Auch Parlamente und Kommunalvertretungen erfüllen selbst mitunter die für Volksentscheide erforderlichen Quoren nicht, dennoch bleibt ihre Legitimation. Die rot-rote Koalition im Brandenburger Landtag versammelt nur 23,8% der Wahlberechtigten hinter sich, kann jedoch weitreichende Änderungen in diversen Themenfeldern für einen Zeitraum von fünf Jahren durchsetzen. Wolfgang Merkel würde vermutlich nicht auf die Idee kommen, dem Landtag die Legitimation abzusprechen.

4. Berliner haben in 10 Jahren Praxis alle Volksentscheide von mächtigen Interessensgruppen mehrheitlich abgelehnt.

Weiter unterstellt Herr Merkel Volksentscheiden einen grundsätzlich konservativen, und mit Verweis auf die AfD sogar rechtspopulistischen Charakter. Mit dem Schweizer Beispiel vergleicht er jedoch Äpfel mit Birnen. Da die Berliner Regelungen für die direkte Demokratie auf dem Prüfstand stehen, sollten dafür auch Berliner Beispiele herangezogen werden, die nach 10 Jahren Praxis zahlreich vorhanden sind. Im Volksentscheid durchsetzen konnten sich die Kampagnen mit den kleinsten Budgets, nämlich die des Wassertisches und der Initiative Tempelhofer Feld. Mächtige Interessengruppen sehen anders aus, z.B. die von konservativen Parteien und den Kirchen unterstützte Kampagne „Pro Reli“, die jedoch von den Berlinerinnen und Berlinern mehrheitlich abgelehnt wurde.
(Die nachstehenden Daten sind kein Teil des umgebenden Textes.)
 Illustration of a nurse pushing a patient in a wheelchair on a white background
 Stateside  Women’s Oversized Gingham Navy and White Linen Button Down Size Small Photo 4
5. Der viel behaupteten Stärkung rechtspopulistischer Kräfte durch die direkte Demokratie fehlt bisher jeder Beleg.

Trotzdem machen selbst Wissenschaftler keinen Halt vor solchen Thesen. Nur weil die AfD Volksentscheide befürwortet, heißt es nicht, dass direkte Demokratie plötzlich schlecht ist.

Vor allem vor dem Hintergrund der seit zwei Jahren dominierenden Flüchtlingsdebatte besteht die Angst, die rechten Kräfte könnte nun mittels Volksabstimmungen ihre Interessen durchsetzen. Ein Blick in die Empirie offenbart das Gegenteil: Von insgesamt 600 Bürgerbegehren bundesweit in den letzten zwei Jahren wurden 25 Bürgerbegehren zum Thema Flüchtlingsunterbringung gestartet. Kein einziges konnte sich gegen den Bau einer Unterkunft durchsetzen. Dort wo Bürgerentscheide stattfanden, entschieden sich die Bürgerinnen und Bürger mehrheitlich für die Unterbringung. Es entscheiden am Ende eben nicht die Initiatoren eines Bürger- oder Volkbegehrens, sondern die Bürgerinnen und Bürger. Ein wenig mehr Vertrauen in die eigene Bevölkerung kann hier nicht schaden.

31.5.16, von Oliver Wiedmann, Mehr Demokratie e.V.